___ Source data ___

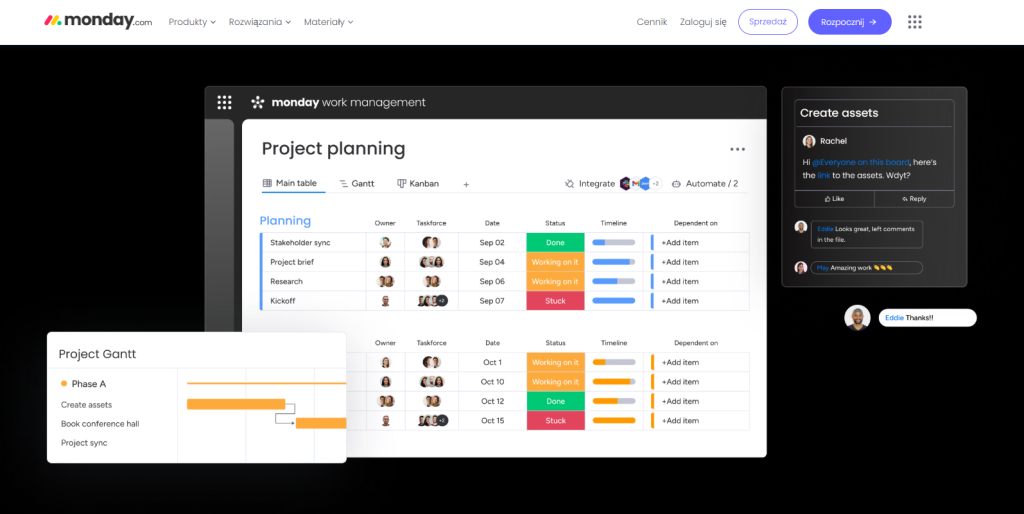 Project manager - narzędzia 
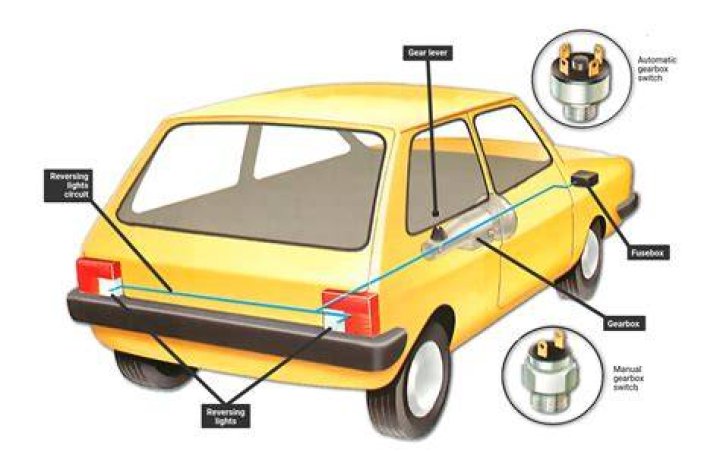 Are reversing lights a legal requirement uk?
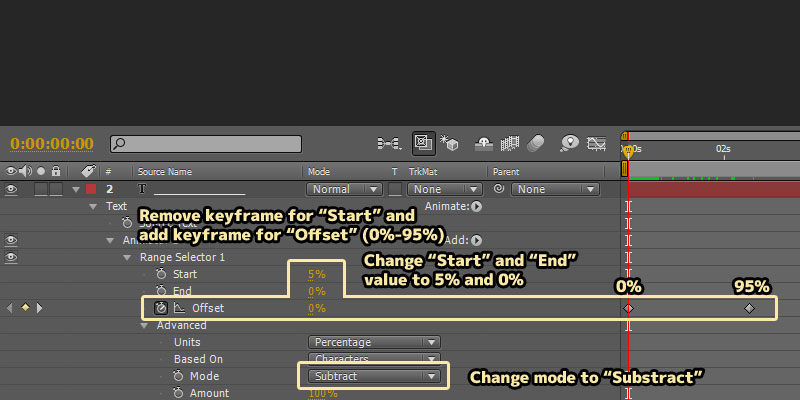 AfterEffects Old Console Text With Blinking Cursor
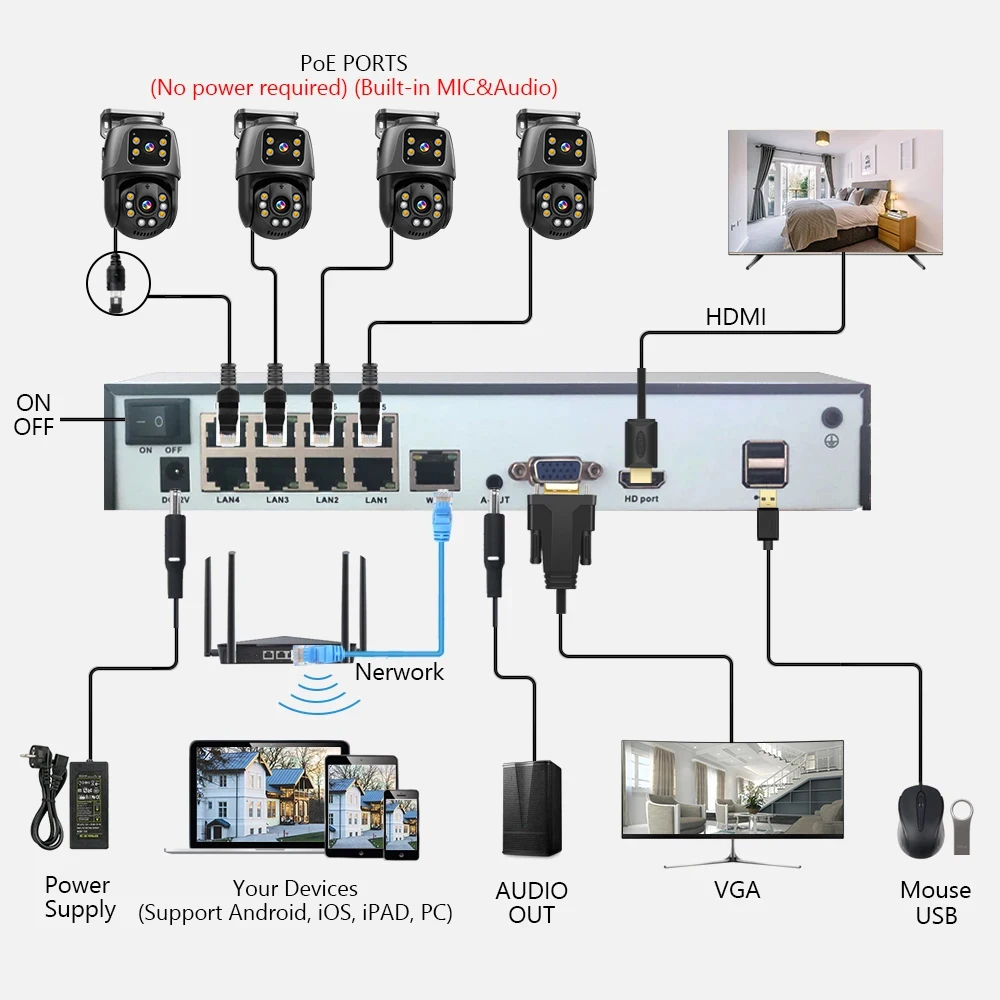 Movols 6MP XMEYE POE Surveillance System Dual Lens PTZ Two Way Audio POE Security Camera System 16CH NVR Video Surveillance Kit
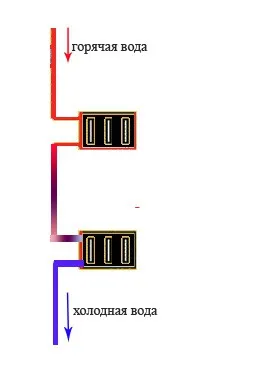 Нагряването на гаража с ръцете си походова техника, снимки, видео (отопление) Нагряването на гаража с ръцете си походова техника, снимки, видео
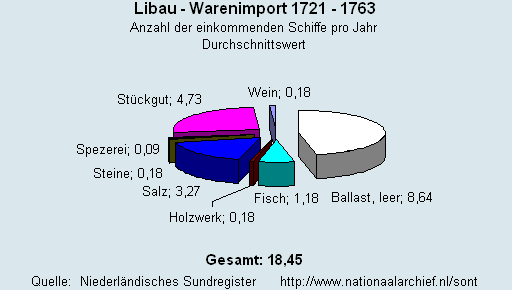 Gesamt Warenimport 1721 - 1763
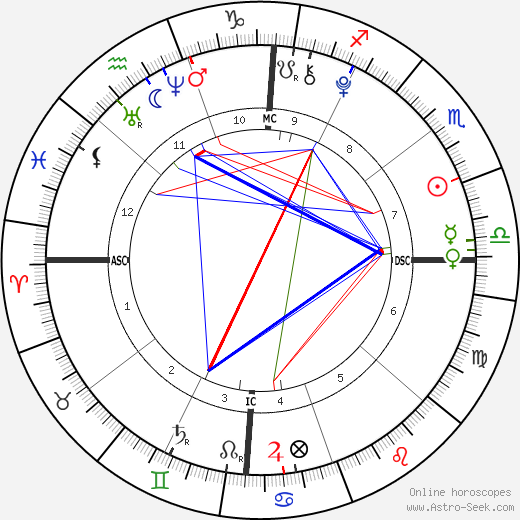 Mason Olivia Grammer birth chart, Mason Olivia Grammer astro natal horoscope, astrology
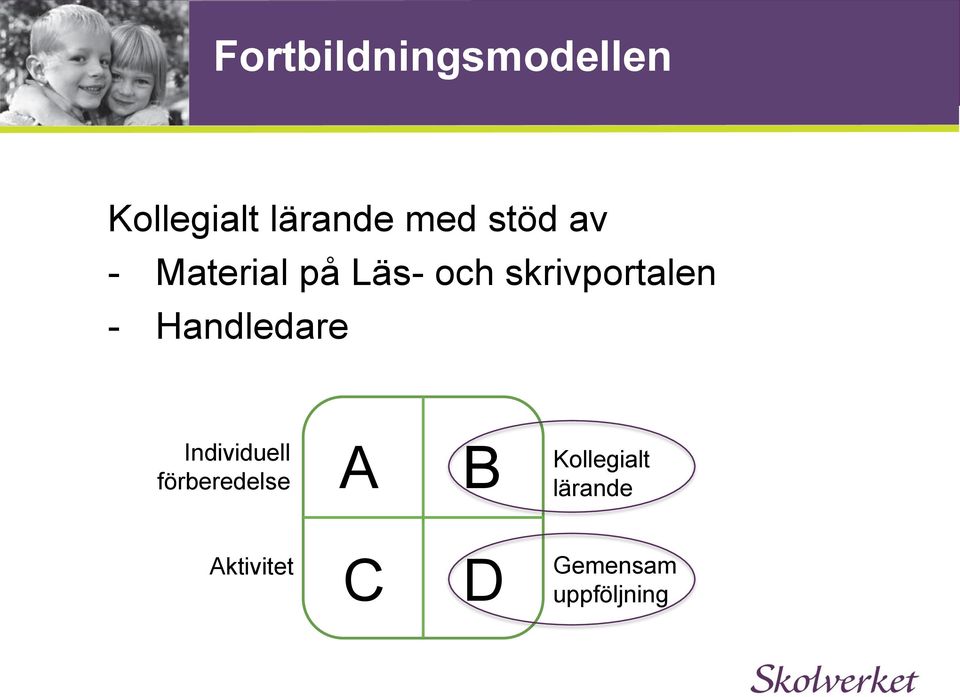 Handledare Individuell förberedelse A B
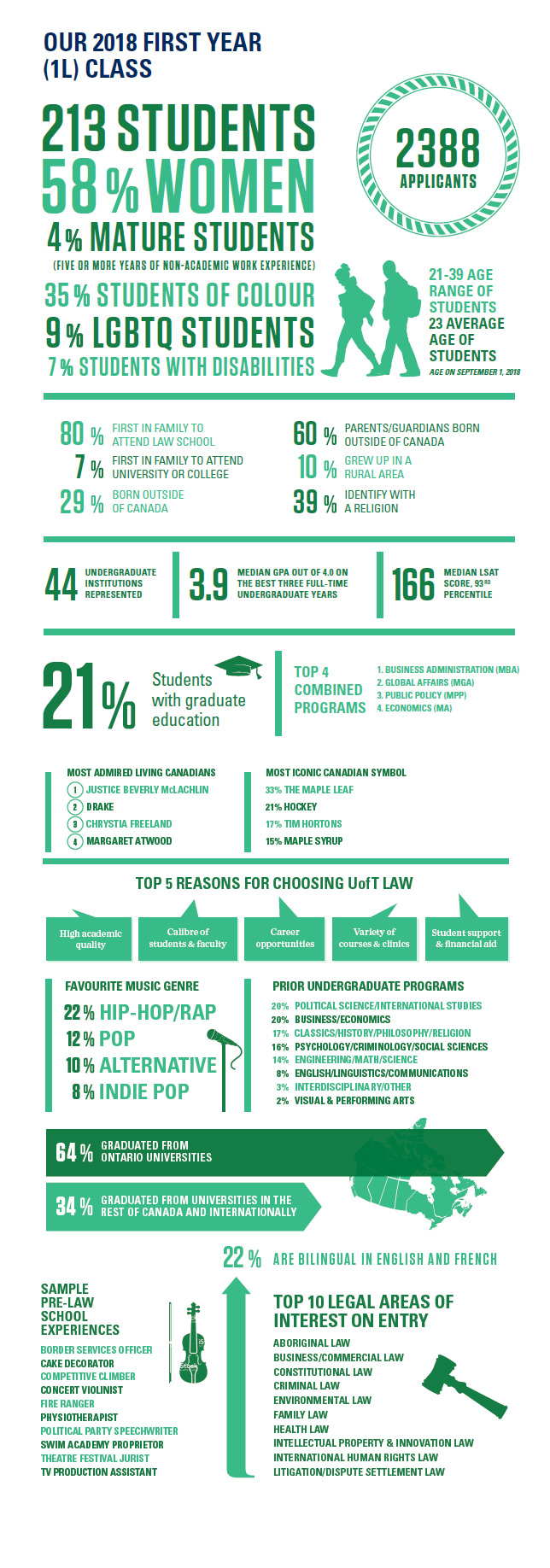 2018 1L class profile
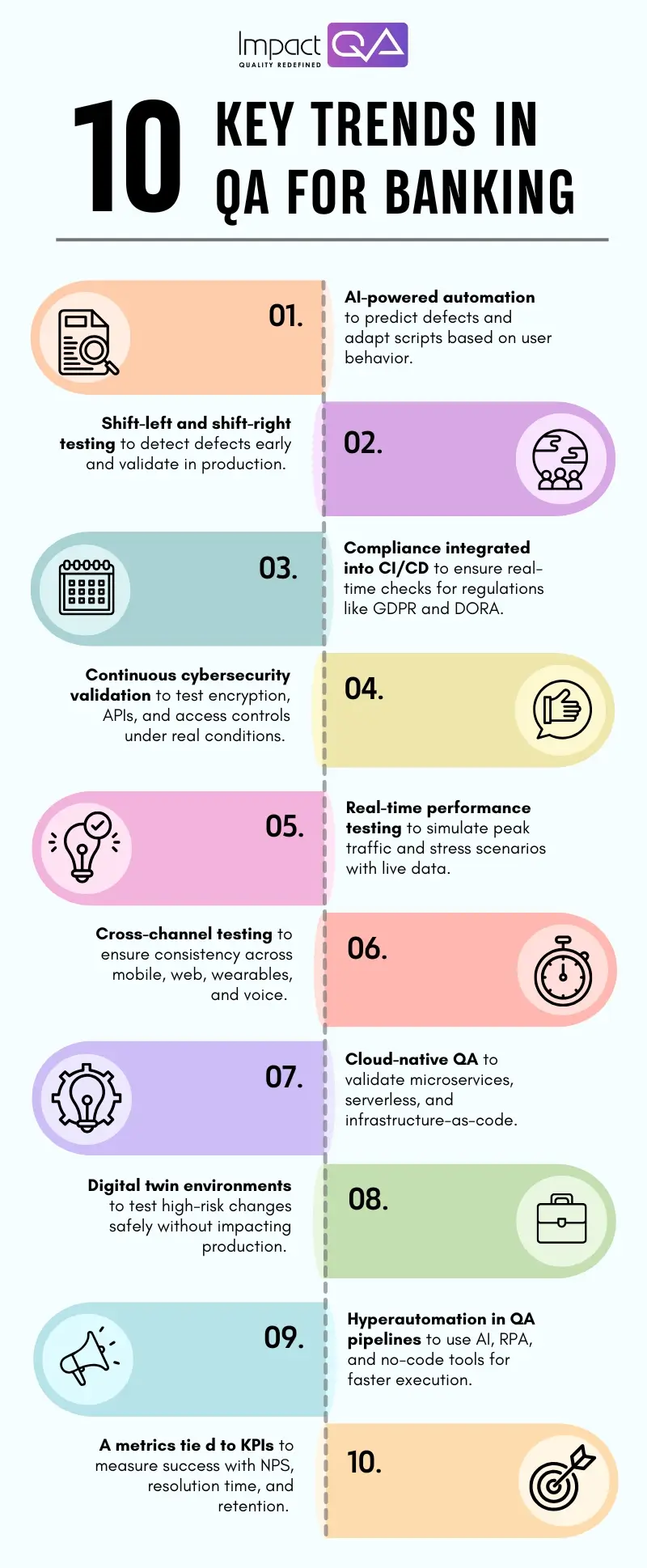 Key Trends in QA for Banking 2025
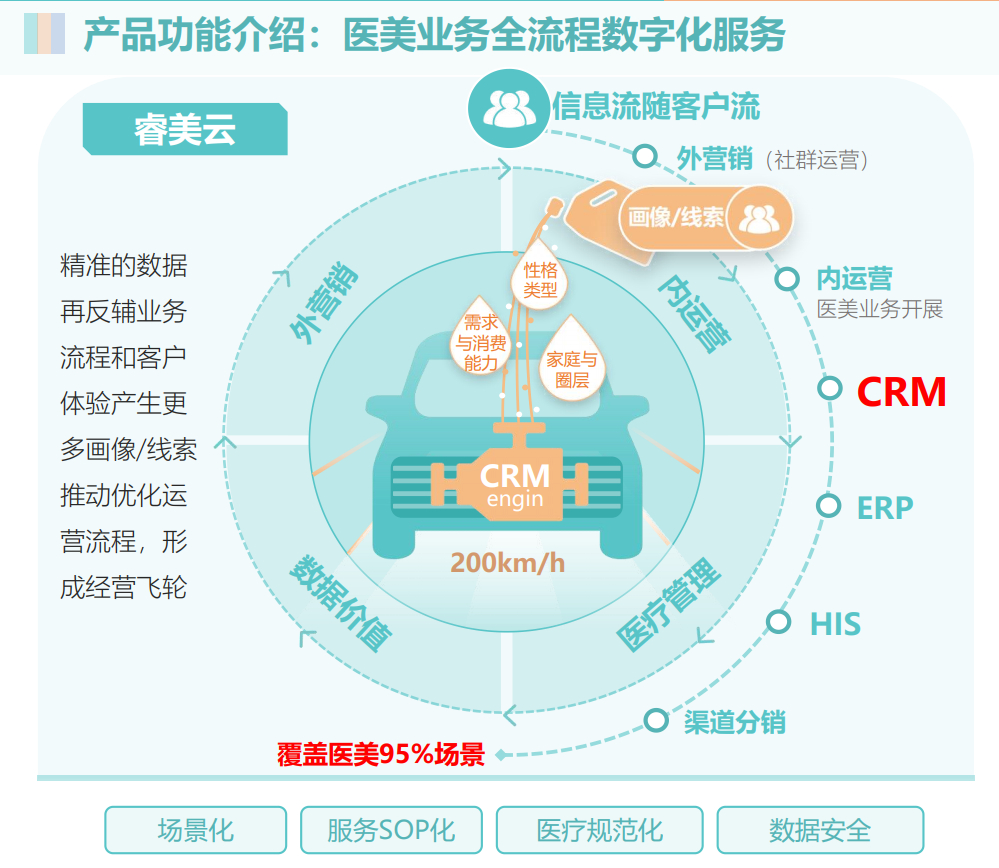 内容图片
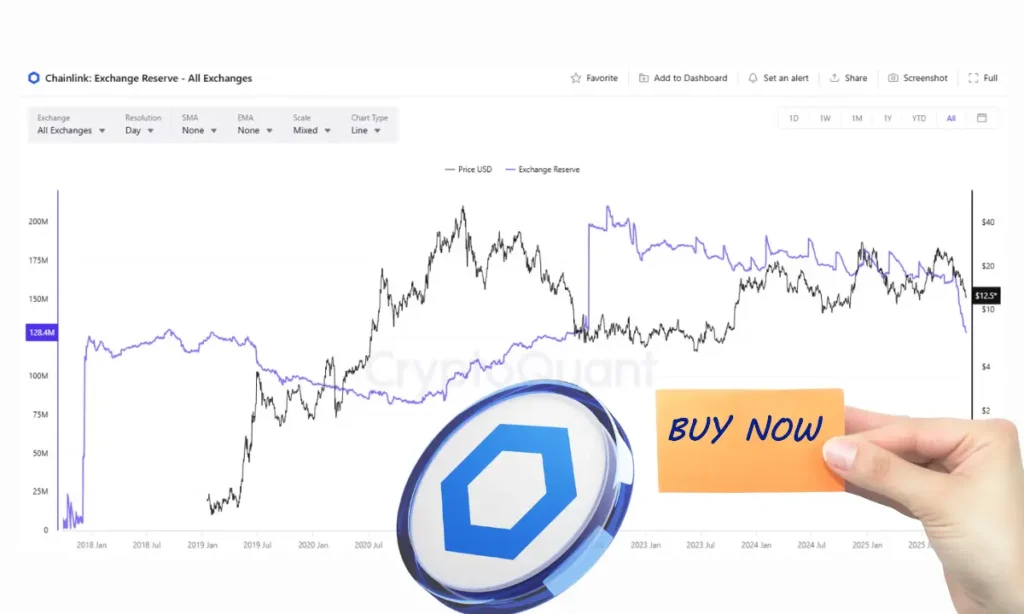 سیگنال رایگان ارز دیجیتال خرید چین لینک LINK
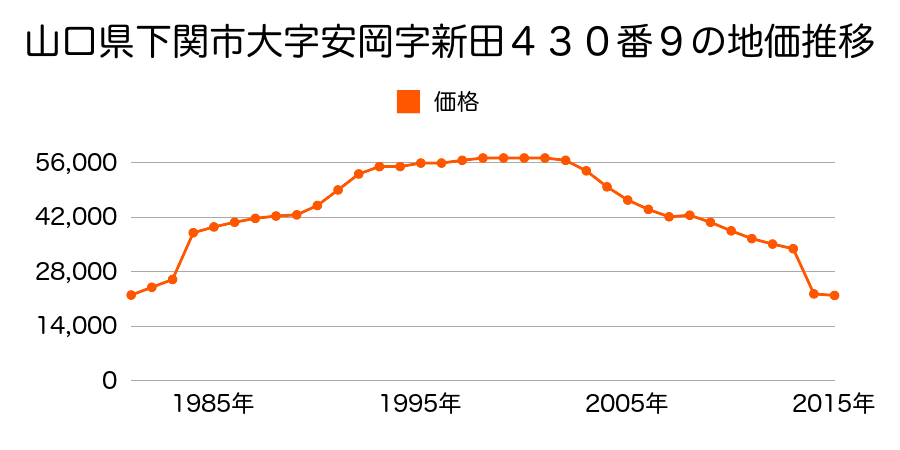 山口県下関市王司上町２丁目３８２番２の地価推移のグラフ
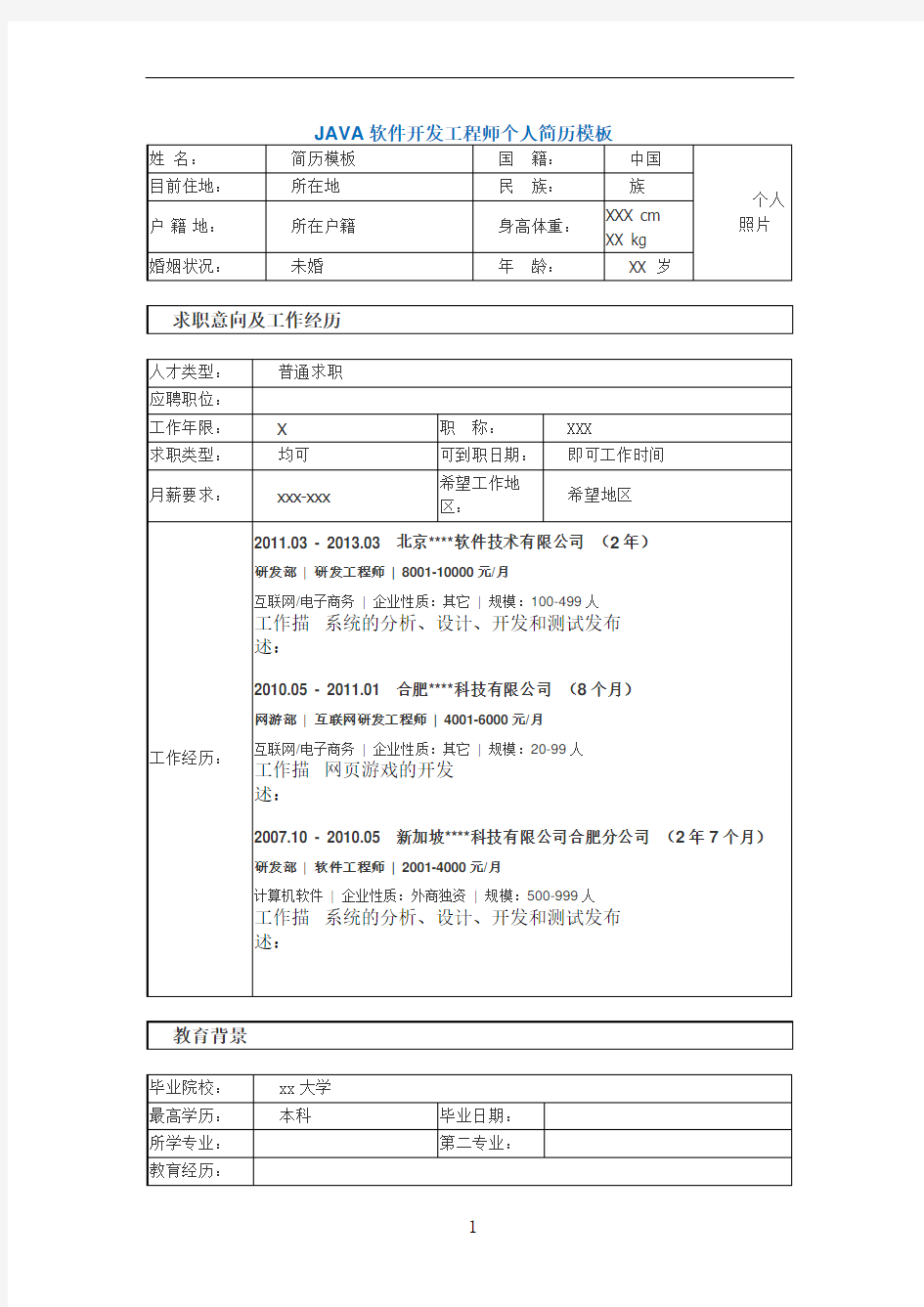 JAVA软件开发工程师个人简历模板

___

> Action item
For this exercise, please set down exactly the lines of the listing above from the line with "AfterEffects Old Console" up to and including the line with "Movols 6MP XMEYE", and no pictures.

> Solved problem
 AfterEffects Old Console Text With Blinking Cursor
 Movols 6MP XMEYE POE Surveillance System Dual Lens PTZ Two Way Audio POE Security Camera System 16CH NVR Video Surveillance Kit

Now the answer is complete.